I would like to incorporate more storytelling, which conveys emotion, in my work. In Diebenkorn there is a sense of tension between the two aspects of figuration/representation and emotion/intuition that I can sense but not articulate. In my own work, I have addressed the representational side, in terms of its abstraction, far more than I have the emotional, storytelling side. How to represent emotion, must less make it abstract? Or maybe abstraction is the vehicle to expressing emotion. Or maybe one begins with the story, then considers its emotion, and in making the story abstract, portrays its emotion.

How to approach this? I have an impulse to return to drawing (figuration) for a while, for inspiration, relaxation, and encouragement. It would be a welcome break from, as well as a complement to, working abstractly. Rendering the correct angles of a mountainside is a piece of cake compared to interpreting the mountain abstractly, yet it may also provide a doorway into how to portray that mountain on an emotional/intuitive level. Similarly, I think that for me still life could be a doorway into exploring the interior, personal world on a more accessible level than through the grandeur of a desert sunset. Still life can emphasize emotional states and intuitive perceptions (among many other things) in a close-up, careful way that invites compositional invention such as cropping, or skewing traditional linear perspective (i.e., abstraction) while still dealing with figuration. One quest is to find objects that resonate for me, as bottles did for Morandi.

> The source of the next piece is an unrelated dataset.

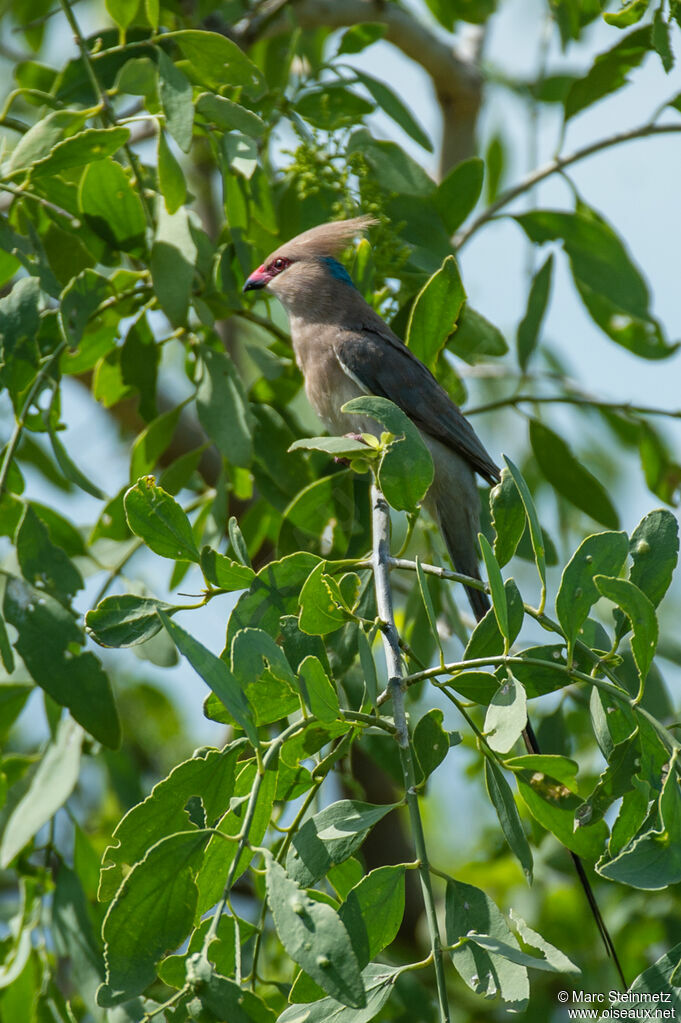 Blue-naped Mousebird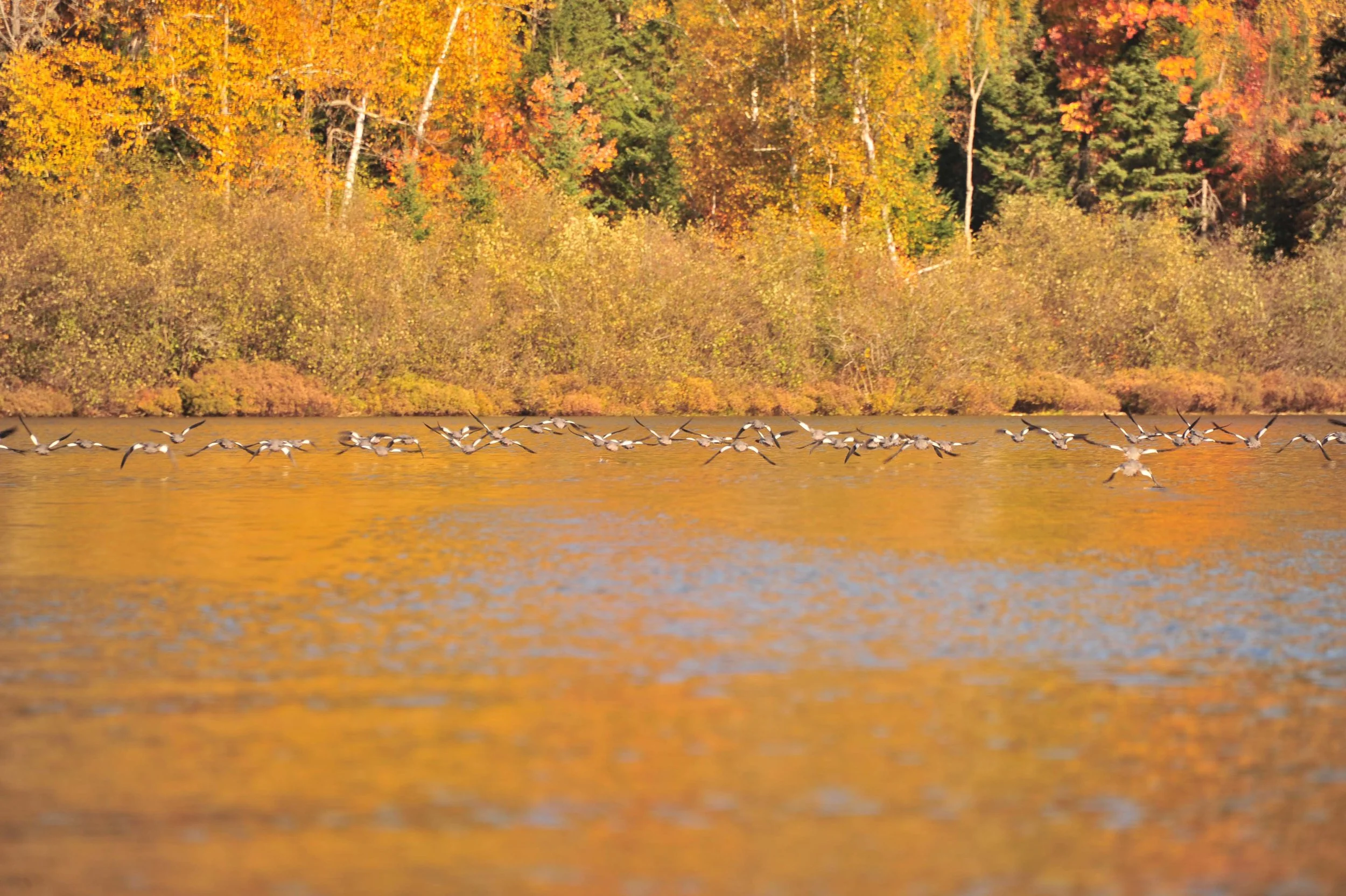 A flock of birds flying over a lake during fall, with trees in vibrant autumn colors in the background.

Wednesday, August 21, 2013

studio space

Summer schedules are made for interruptions, and although I've managed to put in regular studio time this month, it has been one to two hours a day rather than the three to four that I love. As is evident, blog posts have gone out the window.

I have been able to play some cello, though I am still strengthening my wrist. Out-of-town visitors have come and gone, a seriously ill friend needed help (she is better), gallery duty took up a week, and music festivals, barbecues, and a cycling race for which I volunteered all interrupted the daily flow. It has been a busy August.  Most recently, Jerome and I took a ten-day trip to northern California to see family and friends. It is all welcome as we celebrate high summer, but I am ready for quieter times.

Among the many activities of our time in California -- days filled to the brim with good socializing, good food, good wine, and general fun -- was a visit to my brother and sister-in-law's home on the north coast. There I visited Meg's new studio space for the first time, and was immediately taken with its roominess. She can have two or three work areas set up at once, and still have storage shelves, desk, and room to breathe. The ceiling is high, which adds to the sense of spaciousness.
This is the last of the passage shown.